Tangerang, Optimaise News – Petugas kepolisian Malaysia menelusuri keterlibatan oknum di Bandara KLIA setelah penangkapan pilot pesawat yang membawa 70.114 butir ekstasi seberat 26 kilogram di Bandara Soekarno-Hatta, Tangerang. Direktur NCID Bukit Aman Datuk Hussein Omar Khan menegaskan individu di unit pemeriksaan bandara tersebut segera digali keterangannya dan digiring ke proses hukum bila bukti cukup.
Inti artikel
- Penyelidikan awal menunjukkan Saufi Othman mengambil barang di sebuah apartemen kawasan Ampang, Malaysia
- Ia tiba di KLIA pagi hari, menitipkan bagasi berisi ekstasi, lalu melanjutkan penerbangan ke Kota Kinabalu
- Setelah mendarat di Sabah, ia kembali ke Kuala Lumpur hanya untuk mengambil koper yang sama
Pihak PDRM mengungkap bahwa Mohd Saufi Othman (39) diduga mendapatkan bantuan internal saat menitipkan bagasi ilegal sebelum terbang ke Indonesia. Optimaise News merangkum rangkaian perjalanan narkoba ini dari sumber di Ampang hingga penangkapan di terminal kargo Jakarta sebagai sinyal waspada bagi penumpang dan pelaku usaha logistik lintas negara.
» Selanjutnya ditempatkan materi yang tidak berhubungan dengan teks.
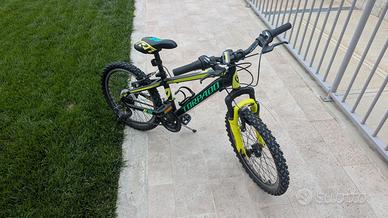 bicicletta per bambino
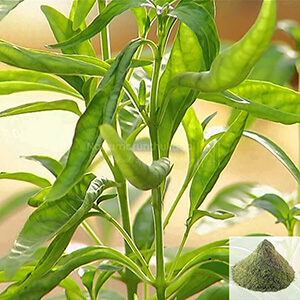 Nattu Nilavembu / Siriyanangai Powder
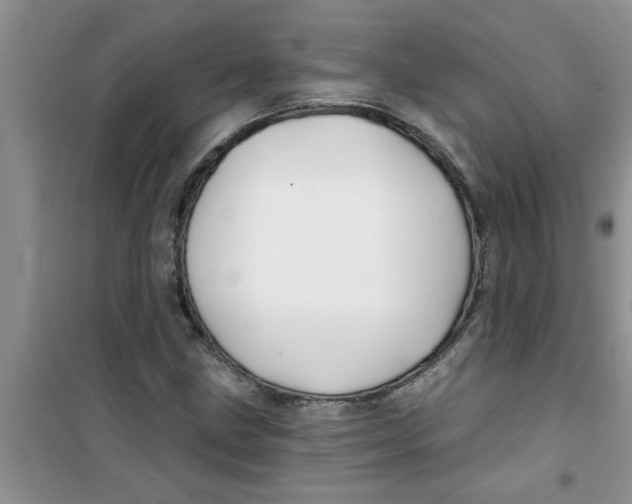 X0000100971211200807221201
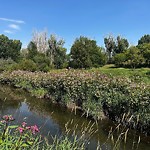 Shrubs, Flowers, Leaves Maintenance in a Park-WAM at 75 Roselawn Cr NW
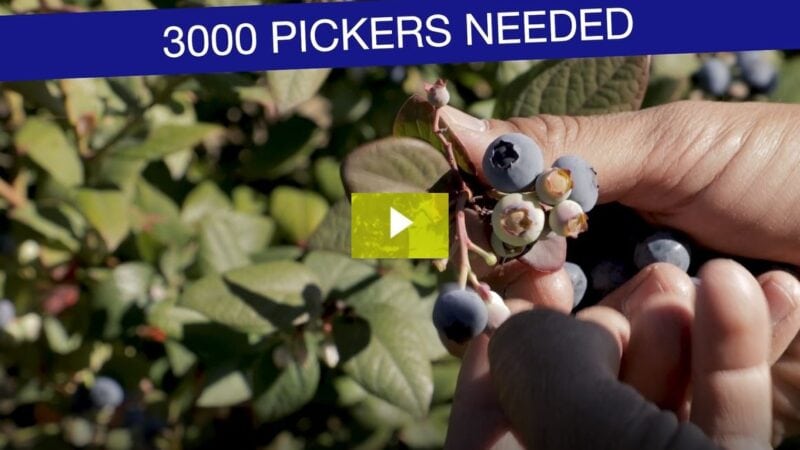 NSW Farmers President James Jackson says the time is right for blueberry pickers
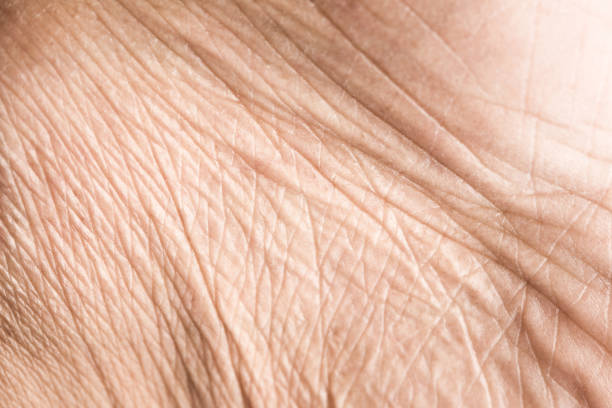 texture della pelle ravvicinata con rughe sul corpo umano - wrinkled foto e immagini stock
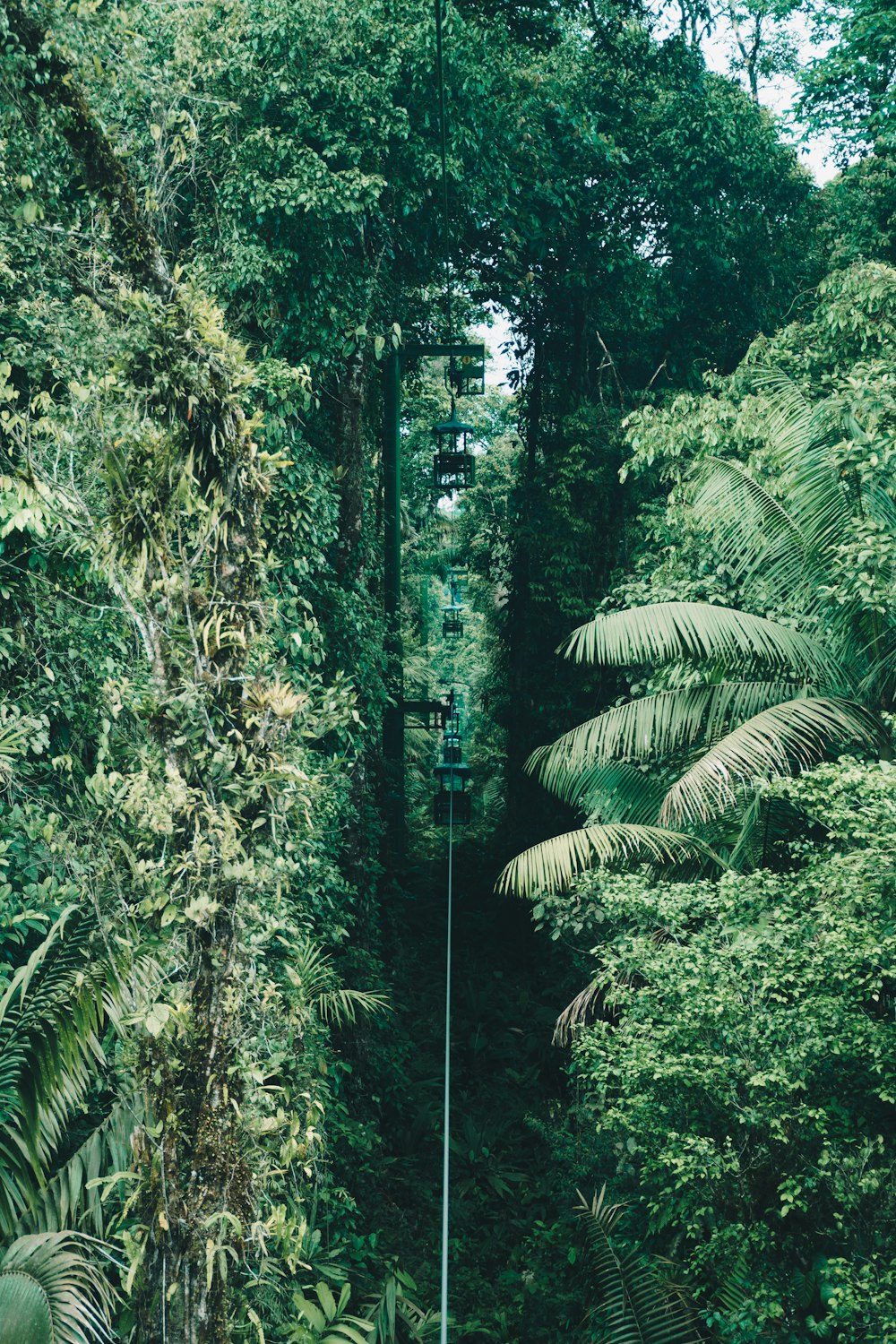 green plant pathway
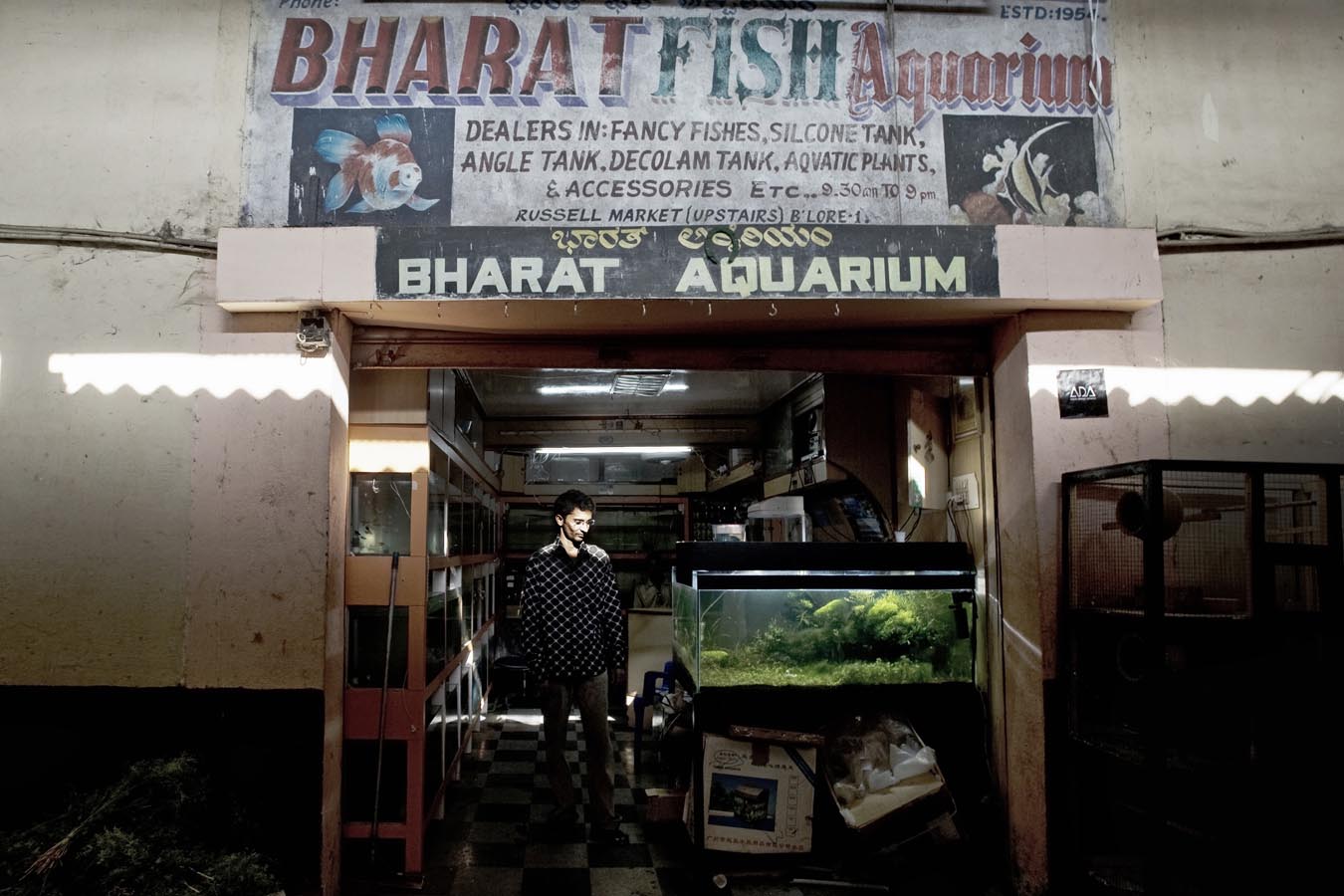 Ryan Lobo Photography And Writing India Urban 2 Abdul Raheem Tropical Fish Dealer In Bangalore The broad spectrum of wholesale fish available on the site are made from sturdy and durable materials that last for a long time underwater and can still look that much ravishing.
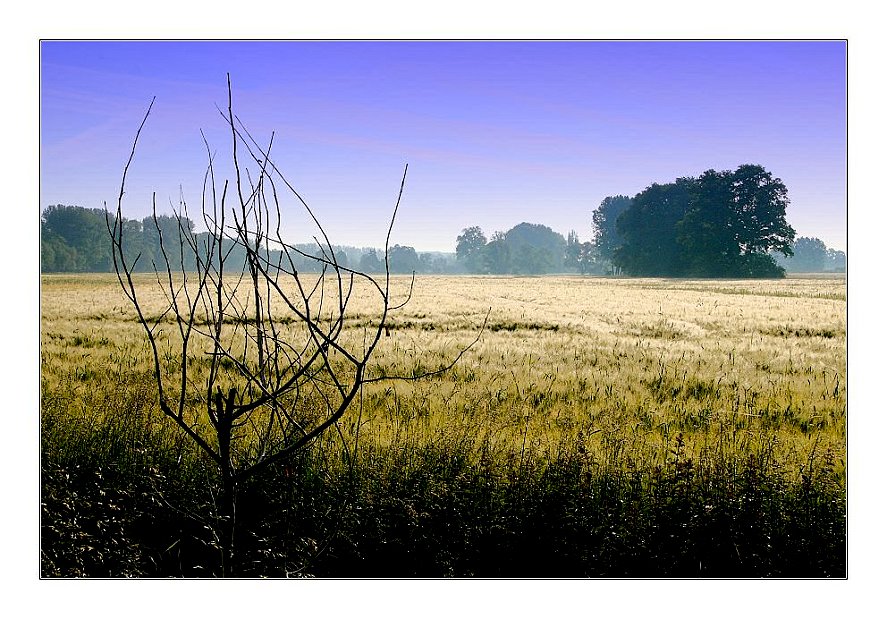 Ein Feld am frühen Morgen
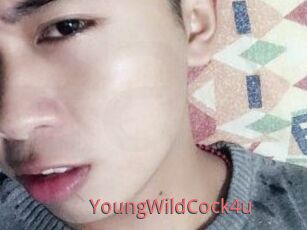 YoungWildCock4u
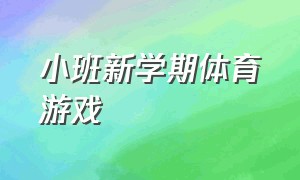 小班新学期体育游戏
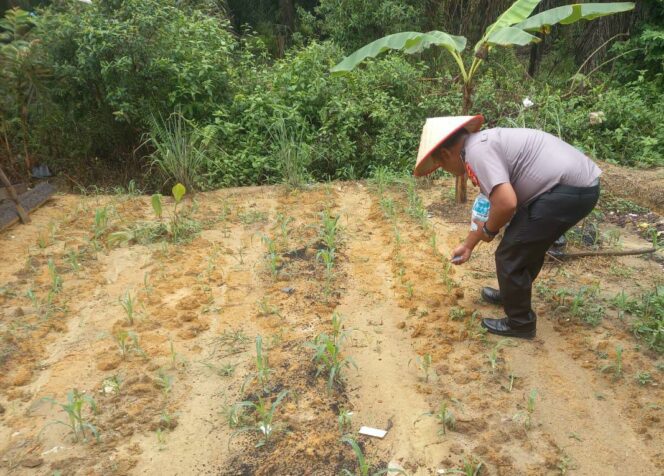 
					Giat Pengecekan Perkembangan Jagung Pipil Program Ketahanan Pangan, di Wilayah Hukum Polsek Simpang Kanan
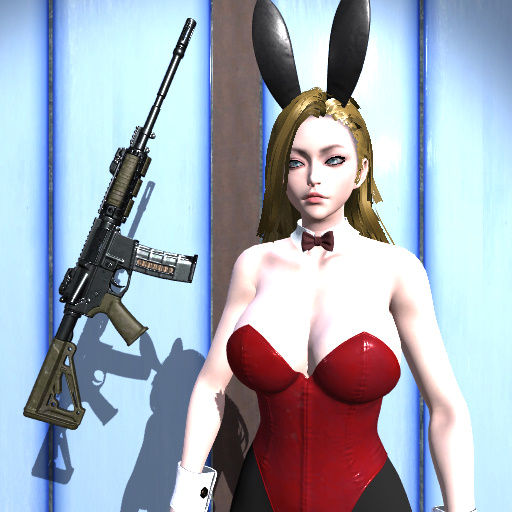 Hot Bunny Girl 3D Shooter
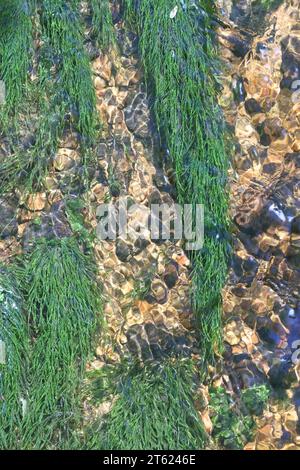 Fontinalis dalecarlica, comunemente noto come muschio di fontana, muschio di ruscello o muschio d'acqua Foto Stock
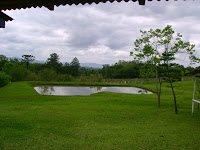 Sítio, 2 quartos - Foto 5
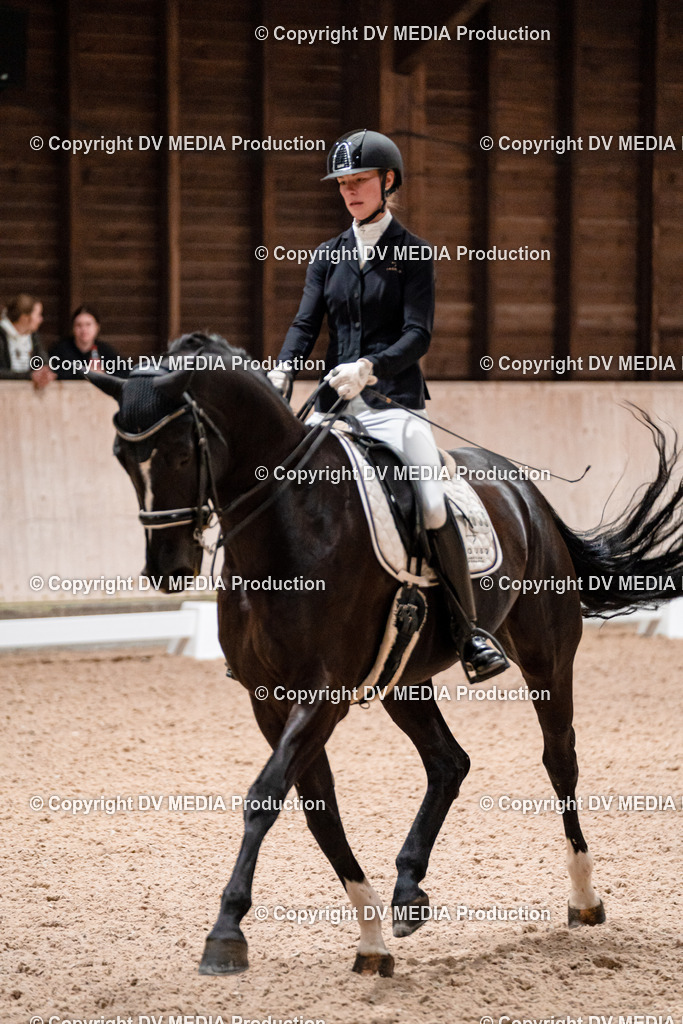 Dressur Tag 2-709 | dv-media-shop - Realisiert mit Pictrs.com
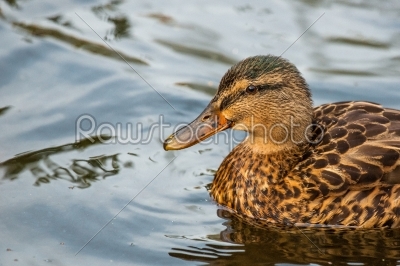 Duck on clear water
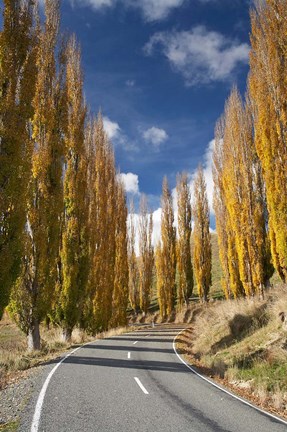 Framed Autumn, Rangitikei District, North Island, New Zealand Print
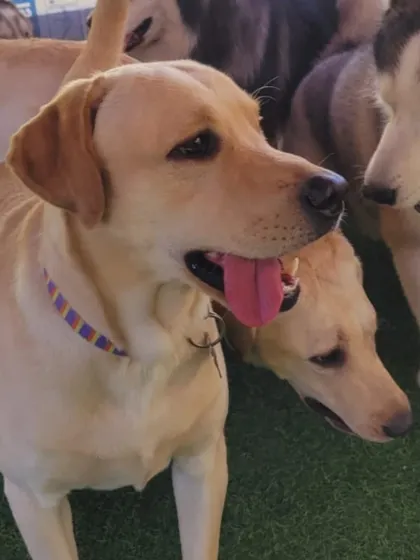 A happy Labrador, ready for Holi celebrations. We make sure all festivities are pet-safe.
Rute Narkoba dari Ampang ke Terminal Soekarno-Hatta
Penyelidikan awal menunjukkan Saufi Othman mengambil barang di sebuah apartemen kawasan Ampang, Malaysia. Ia tiba di KLIA pagi hari, menitipkan bagasi berisi ekstasi, lalu melanjutkan penerbangan ke Kota Kinabalu.
Setelah mendarat di Sabah, ia kembali ke Kuala Lumpur hanya untuk mengambil koper yang sama. Dari situ ia langsung terbang menuju Jakarta. Bea Cukai Republik Indonesia akhirnya menggagalkan aksi tersebut di Bandara Soekarno-Hatta dengan total 70.114 butir dan bobot 26 kilogram.
Pola bolak-balik ini menimbulkan pertanyaan soal celah pengawasan bagasi di terminal keberangkatan. Bagi pelaku UMKM yang sering mengirim barang via kargo udara, kasus ini mengingatkan pentingnya memeriksa dokumen dan rute mitra logistik agar tidak tersangkut barang ilegal.
Petugas Pemeriksaan KLIA Masuk Radar Penyelidikan
Hussein Omar Khan menjelaskan bahwa staf yang ikut dalam proses pemeriksaan di KLIA termasuk dalam daftar individu yang akan dimintai keterangan. Jika bukti menunjukkan bantuan aktif, penangkapan akan dilakukan tanpa penundaan.
MetroTV sebelumnya melaporkan PDRM sudah mengidentifikasi petugas yang diduga membantu aksi pilot berinisial MSO. Langkah itu memperluas lingkup kasus dari satu pelaku penerbangan menjadi potensi jaringan internal bandara.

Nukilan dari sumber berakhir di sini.